Friday, October 04, 2002

By Nate Guidry, Post-Gazette Staff Writer

Jane Monheit is the most talked-about jazz vocalist to come along since Diana Krall. She's just as glamorous, too.

Jane Monheit

WHERE: Rosebud, Strip District.

WHEN: 8 tonight.

TICKETS: $16 advance, $18 at the door; 412-323-1919.

ARTIST'S SITE: redmusic.com/jane_card/


Fans can hear her huge pipes tonight when she performs with her group at Rosebud.

Much of the concert will spotlight music from "In the Sun," a new release that deals with music ranging from "Tea for Two," to Irving Berlin's "Cheek to Cheek."

Four years ago, the 24-year-old vocalist was runner-up in the prestigious Thelonius Monk competition, signed a contract with N-Coded Music and began appearing on late-night television with David Letterman and others.

Carpers came out of the woodwork, claiming she was an imitator who sings too close to the melody. But Monheit has taken her detractors in stride even as she continues to mature and carve out her own musical territory.

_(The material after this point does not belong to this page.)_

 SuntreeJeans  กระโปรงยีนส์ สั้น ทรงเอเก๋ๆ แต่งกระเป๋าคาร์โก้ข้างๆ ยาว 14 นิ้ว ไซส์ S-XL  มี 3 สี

"I've been singing as long as I have been talking," said the soft-spoken vocalist from her home in New York. "It was intense growing up in my house. Jazz was the first music I heard. It was the first music I sang."

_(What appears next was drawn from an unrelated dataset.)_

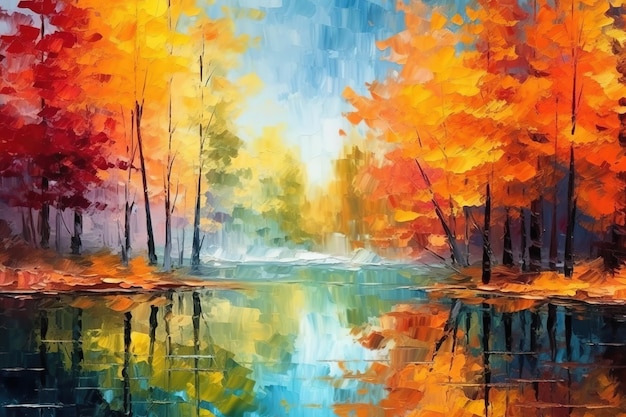 Landscape with colorful autumn forest near the lake Oil painting in the style of impressionism Generative AI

Monheit grew up on Long Island, the child of musical parents who encouraged her to pursue music. In high school, she played E-flat clarinet and piano and sang. She was involved in theater, and starred in many of the school's plays.

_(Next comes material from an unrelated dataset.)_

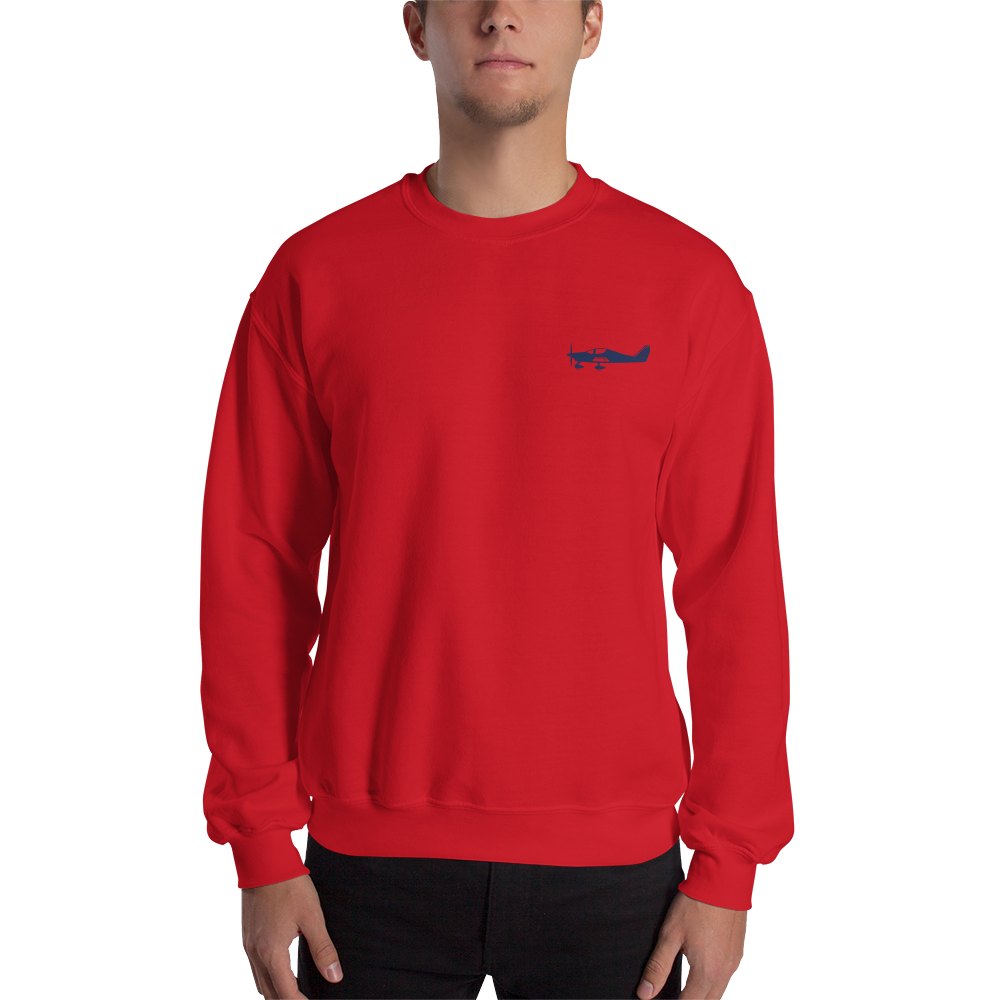 Navy blue Astore aircraft design placed on the left breast of a navy red sweatshirt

"I really love musical theater," she said. "Jazz and theater were always the two choices for me."

After high school, she enrolled in the prestigious Manhattan School of Music, where she studied voice. When she wasn't studying, she sang for weddings and parties and worked the cabaret scene.

While at Manhattan School of Music, she studied with Peter Eldridge, an original founding member of the New York Voices.

"Before I studied with Peter, I sang with an attitude of constantly providing everything I knew, so I was being overly technical and ignoring the lyric in favor of the harmonies," she said. "Peter stressed paring it down and making musical choices in light of what the lyric was saying. I'm a much better singer because of him -- in terms of making a song mean something."

While in college, Monheit met her husband, Rick Montalbano, who is the drummer in her band. By the late '90s she was signed by the record label N-Coded and released the critically acclaimed "Never Never Land," which was followed by "Come Dream With Me."

Monheit embraces her songs with a sultry, youthful enthusiasm -- not unlike her idol, Ella Fitzgerald -- and over time has gained assertiveness.

"I have a better idea of what I want in my music and I am less afraid to speak up about it," she said.